EXERCISE DESCRIPTION ->
From the first line of the data through the line containing "Person in embroidered", transcribe each line exactly. Pictures do not belong in the copy.

DATA SUPPLIED ->
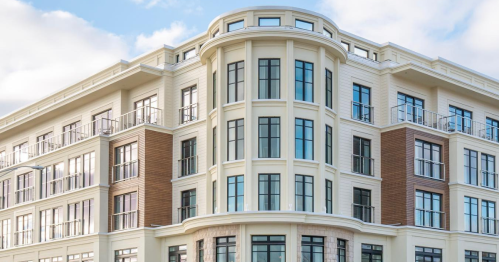 Modern multi-story building with large windows and a curved facade, set against a blue sky.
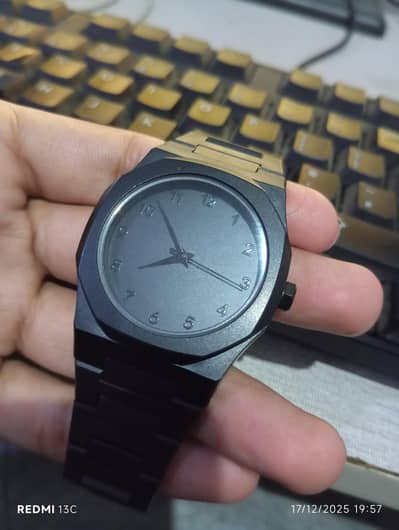 Black aura watch with wrist lock.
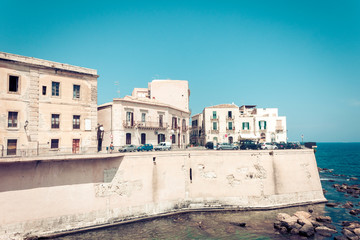 Fototapeta na wymiar Old buildings in seafront of Ortygia (Ortigia) Island, Syracuse, traditional architecture of Sicily, Italy.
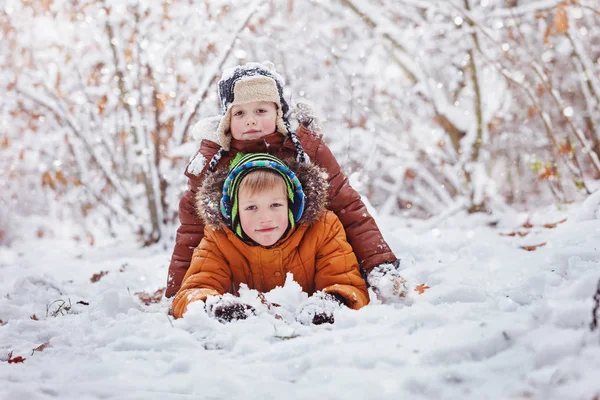 Dwa małe dzieci, chłopak braci gry i leżącego śniegu bas — Zdjęcie stockowe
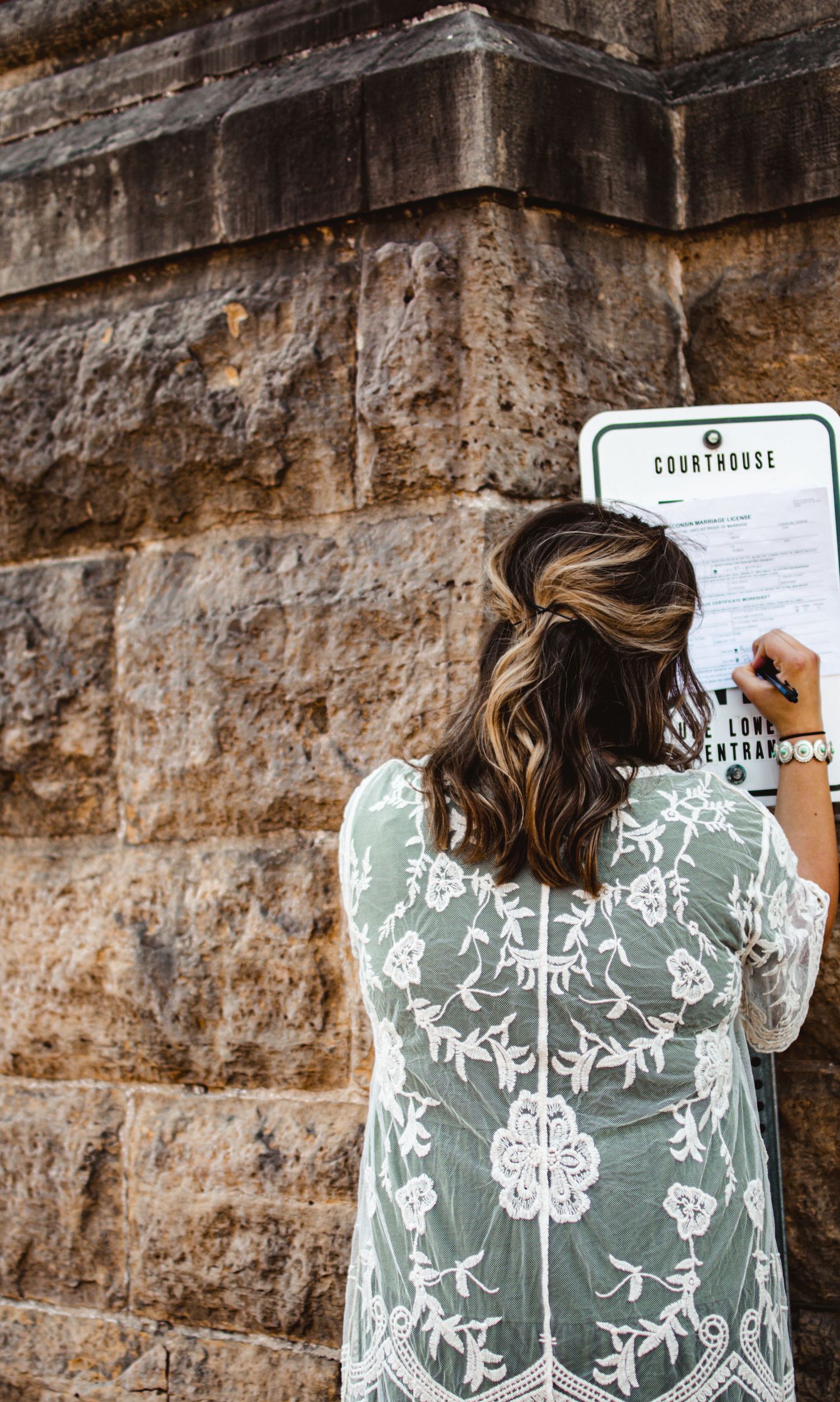 Person in embroidered dress writing on clipboard against stone wall.
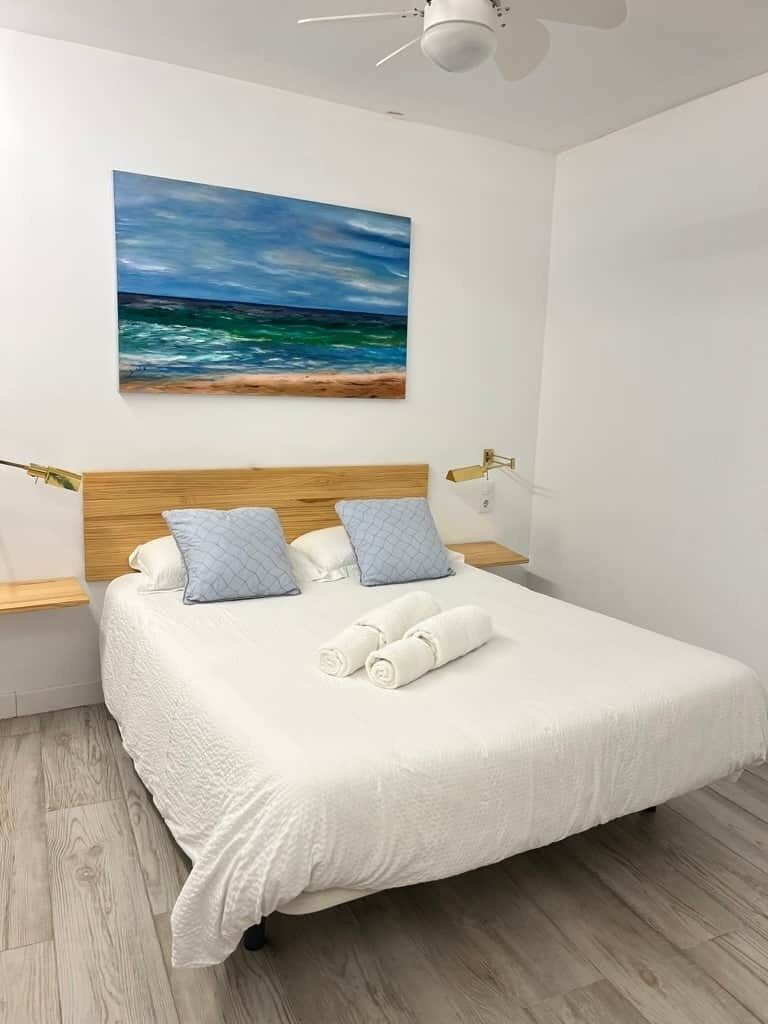Een net opgemaakt bed met een witte dekbedovertrek, twee kussens en opgerolde handdoeken.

EXERCISE RESPONSE ->
 Modern multi-story building with large windows and a curved facade, set against a blue sky.
 Black aura watch with wrist lock.
 Fototapeta na wymiar Old buildings in seafront of Ortygia (Ortigia) Island, Syracuse, traditional architecture of Sicily, Italy.
 Dwa małe dzieci, chłopak braci gry i leżącego śniegu bas — Zdjęcie stockowe
 Person in embroidered dress writing on clipboard against stone wall.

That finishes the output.